I am trying to create a custom transformer as a stage in my pipeline. A few of the transformations I am doing via SparkNLP and the next few using MLlib. To pass the result of SparkNLP transformation at a stage to the next MLlib transformation, I need to extract the spark_nlp_col.result column and pass it, and I am using a custom transformation stage for that.
After I fit my pipeline, I am able to persist it but when I am loading it back again, I am getting an error:
AttributeError: 'DummyMod' object has no attribute 'MyTransformer'
Here is my class:
from pyspark.ml import Transformer
from pyspark.ml.param.shared import Param,Params,TypeConverters
class MyTransformer(Transformer,DefaultParamsWritable,DefaultParamsReadable):
inputCol = Param(Params._dummy(), "inputCol", "",TypeConverters.toString)
outputCol = Param(Params._dummy(), "outputCol", "",TypeConverters.toString)
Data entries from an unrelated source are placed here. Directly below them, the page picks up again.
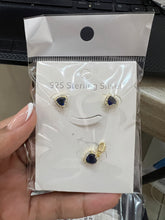 Load image into Gallery viewer, Juego Aritos/Cadena - Plata 925
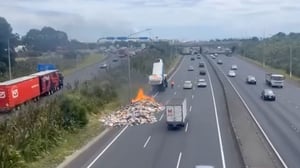 Burning truck load sparks traffic delays on Auckland highway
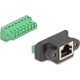 Delock RJ45 anya - Terminal Block Adapter beszereléshez 8 tűs 2-részes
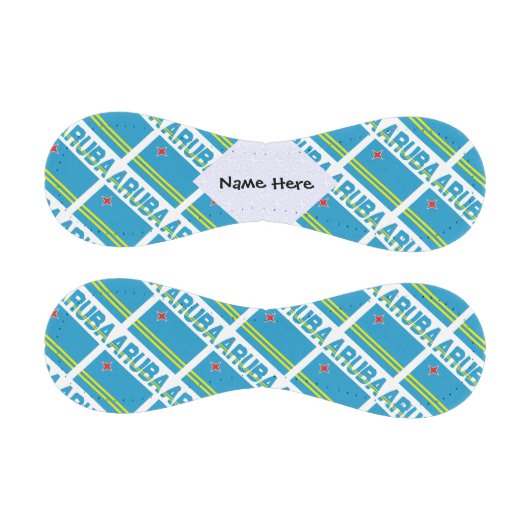 アルバとアルバンの国旗があなたの名前と並べて 野球ボール (パネル)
def __init__(self,inputCol=None,outputCol=None):
super(MyTransformer, self).__init__()
self._setDefault(inputCol=None)
self._set(inputCol = inputCol)
self._setDefault(outputCol=None)
self._set(outputCol = outputCol)
def getInputCol(self):
return self.getOrDefault(self.inputCol)
def setInputCol(self, inputCol):
self._set(inputCol=inputCol)
def getOutputCol(self):
return self.getOrDefault(self.outputCol)
def setOutputCol(self, outputCol):
self._set(outputCol=outputCol)
def _transform(self, dataset):
in_col = self.getInputCol()
out_col = self.getOutputCol()
final_in_col = in_col+".result"
result = dataset.withColumn(out_col, dataset[final_in_col])
return result
I have created a simple wrapper function over it for standardisation and then used it to create pipeline, fit and save it:
def extract_col(cols, in_suffix, out_suffix):
return [MyTransformer(inputCol=col+in_suff, outputCol=col+out_suffix) for col in cols]
'''
stages before custom transformer
'''
extractors = extract_col(cols, "_in", "_out")
'''
stages after custom transformer
'''
stages = s1 + s2 + .. + extractors + .. + sn-1 + sn
pipeline = Pipeline(stages = stages)
fit_pipeline = pipeline.fit(data)
fit_pipeline.write().overwrite().save(path_to_store_at)
How I am reading it back:
saved_pipeline = PipelinModel.load("path_where_stored")
And then I am encountering the error.
I have tried multiple ways of writing the custom class, using HasInputCol, HasOutputCol, etc, nothing working so far. Any idea on how I can resolve it?